***** INPUT MATERIAL
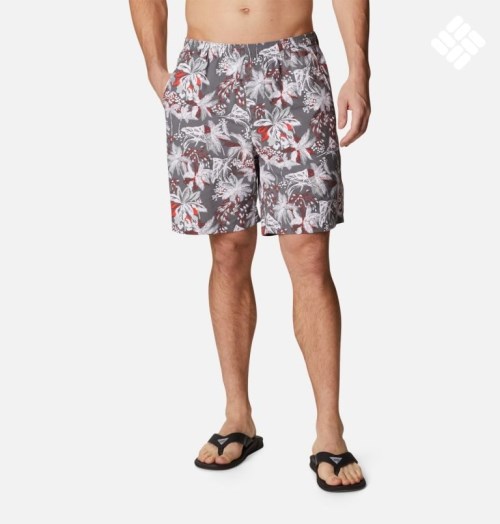 Men's Columbia PFG Super Backcast Water Shorts Flower | CA-E83A1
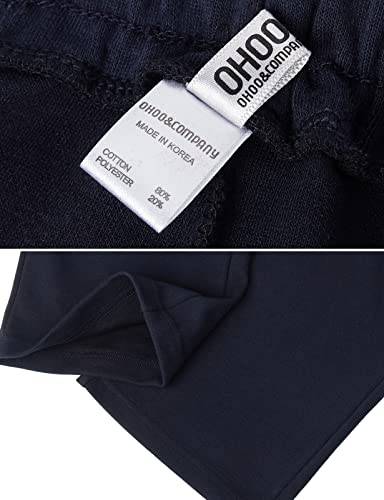 Ohoo Open Bottom Sweatpants For Men With Straight Leg Regular Fit Running Jogging Workout Pants / Dca011-Navy-M #TOP6
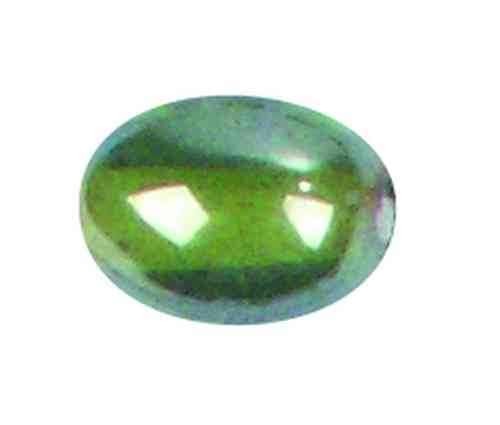 Perle, oval - grün gelüstert, 12x8 mm von Rico Design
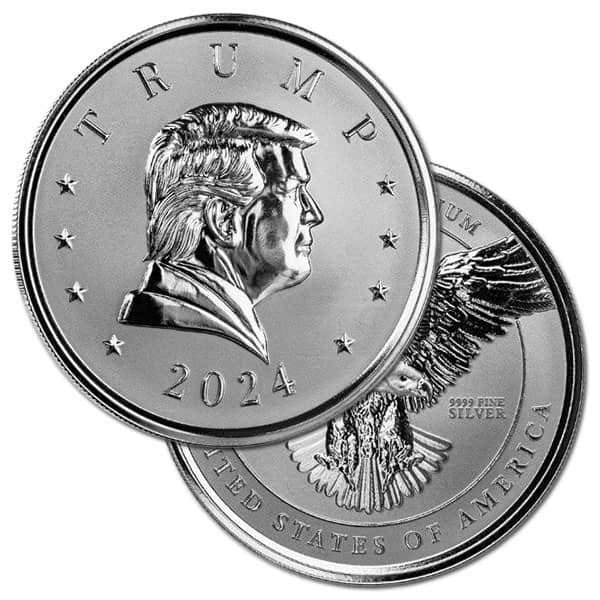 Trump 2024 - 1 Oz Silver Presidential Medal, .9999 Pure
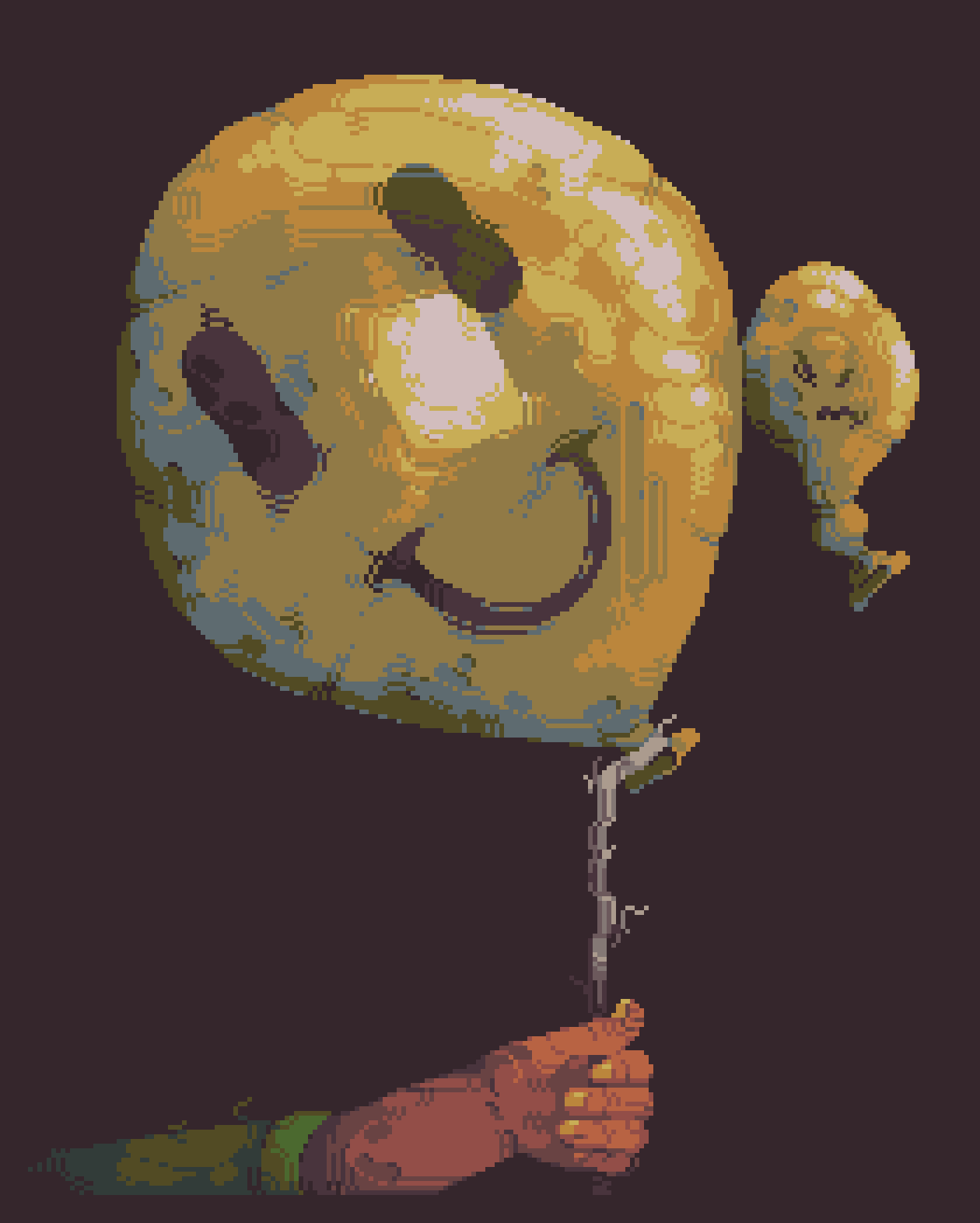 Wallpaper #a0D6MJMBJhL2WPbaiMSr366 Twin Balloons Pixelart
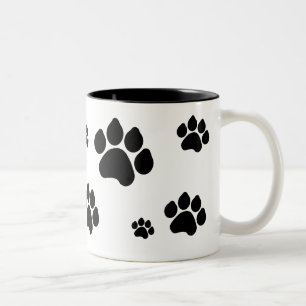 Paw Print Mug ツートーンマグカップ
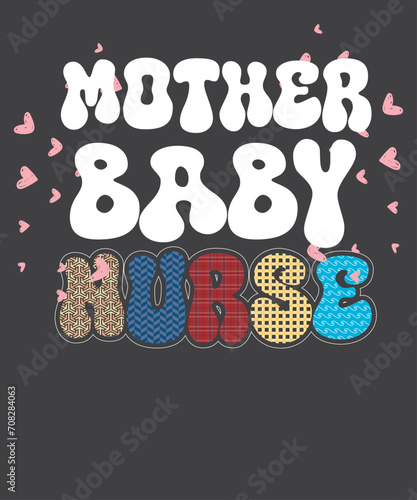 Retro Groovy Mother Baby Nurse Happy Valentines Day T-Shirt design vector,
nurse, mother, baby, valentines, day, retro, groovy, squad, happy, t-shirt, tee
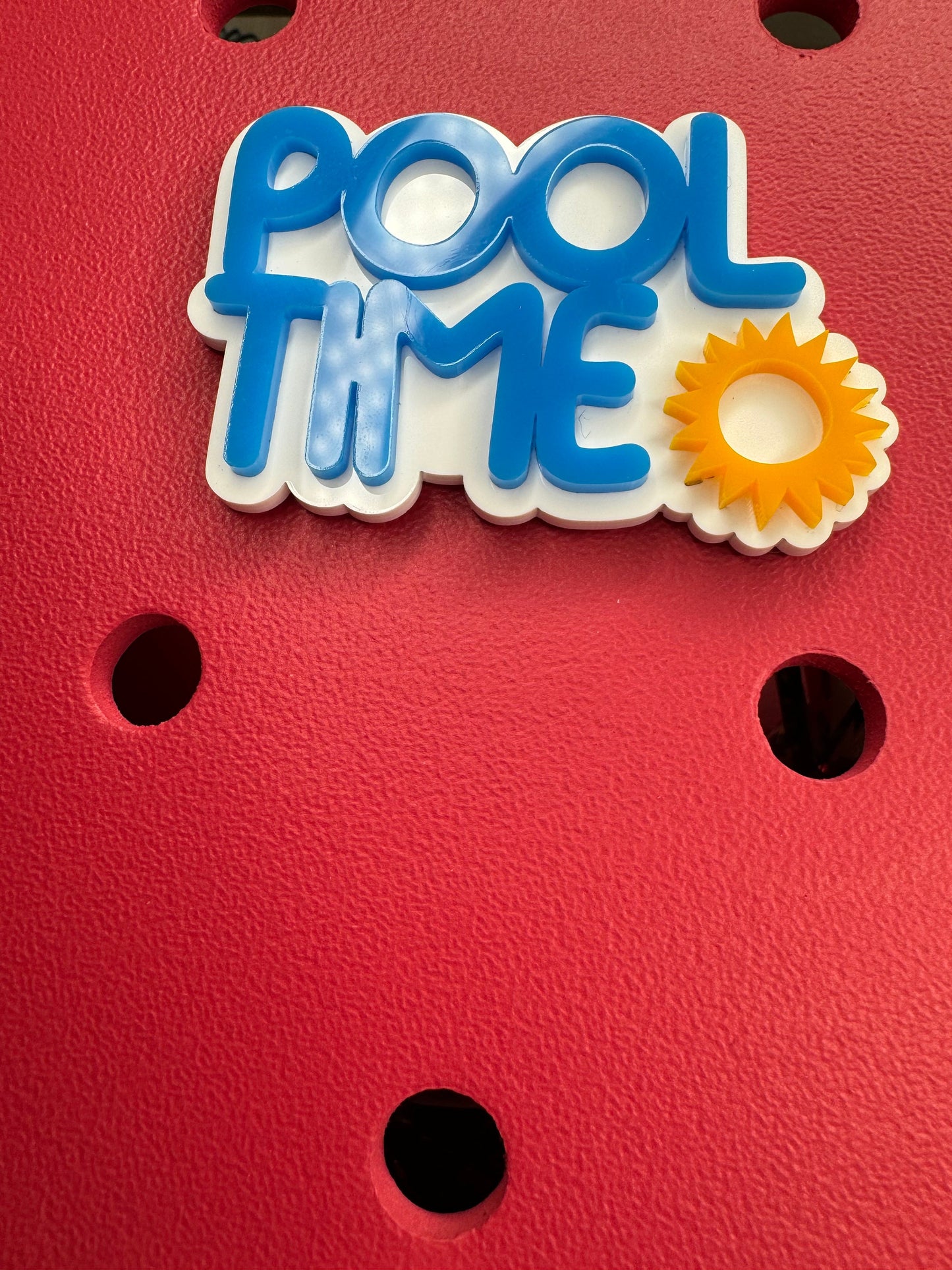 Pool Time Bogg Bag Charm: Summer Beach Bag Accessory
**********
WHAT YOU HAVE TO DO
Transcribe the opening line of the listing above, please, and every line after it through the line with "Perle, oval - grün", word for word, without pictures.

YOUR SOLUTION
 Men's Columbia PFG Super Backcast Water Shorts Flower | CA-E83A1
 Ohoo Open Bottom Sweatpants For Men With Straight Leg Regular Fit Running Jogging Workout Pants / Dca011-Navy-M #TOP6
 Perle, oval - grün gelüstert, 12x8 mm von Rico Design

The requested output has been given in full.